All That Glitters by Orlando Whitfield. Book.
This exceptional book, written by the business partner and friend of Inigo Philbrick, the protagonist, tells the tale of an art student (Philbrick) whose rapid rise as an art dealer is aided by the patronage of Jay Joping, art dealer par excellence.
What unfolds is that within a few years of leaving art school, Philbrick is running his own gallery, and as required, making money for Jopling ‘as he sleeps’. (By the way there is no suggestion that Jopling does anything wrong). Then in fairly short order, Philbrick starts making a ton of money, flying in private jets, etc, etc. And, low and behold, ripping people off.
The scam is this.
Many ‘collectors’ don’t want to hang the art anywhere, they use it as an investment class. This means that they don’t ever see their art, it just waits in a warehouse until they sell it. Sometimes a syndicate of people group together to buy an expensive piece. Philbrick understood, therefore, that you could not only sell the same piece to various people, but perhaps sell half of it a few times and make a ton of money. So, that’s what he did, until the scam caught up with him and he fled to a Pacific island with his girlfriend, where the FBI caught up with him.
This is a great book, laced with an undercurrent of sadness and anger. The author was once Philbrick’s closest friend and business partner, but as is the way with these things, he was cast aside mercilessly as things unraveled.

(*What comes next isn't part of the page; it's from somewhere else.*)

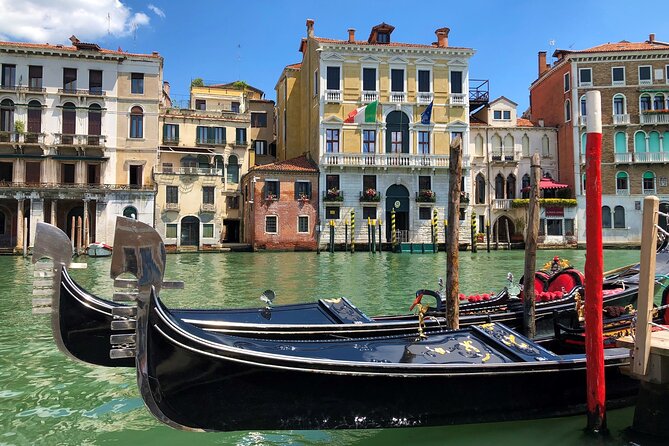 VENICE in 1 Day WOW Tour: city walk, Murano, Burano with lunch! - Pickup at 9:00 and a route that doesn’t rely on you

There’s also a recent BBC two-part TV doc on this saga, called The Great Art Fraud, in which Philbrick appears a great deal. It isn’t as good as the book but it is worth watching. Philbrick seems remarkably uncontrite having served his jail sentence. His main defence -if that’s the right word- is that everyone in the art world is at it in one way or another, that there is a fine line between smoke and mirrors/illusion and outright fraud. And maybe he has a point.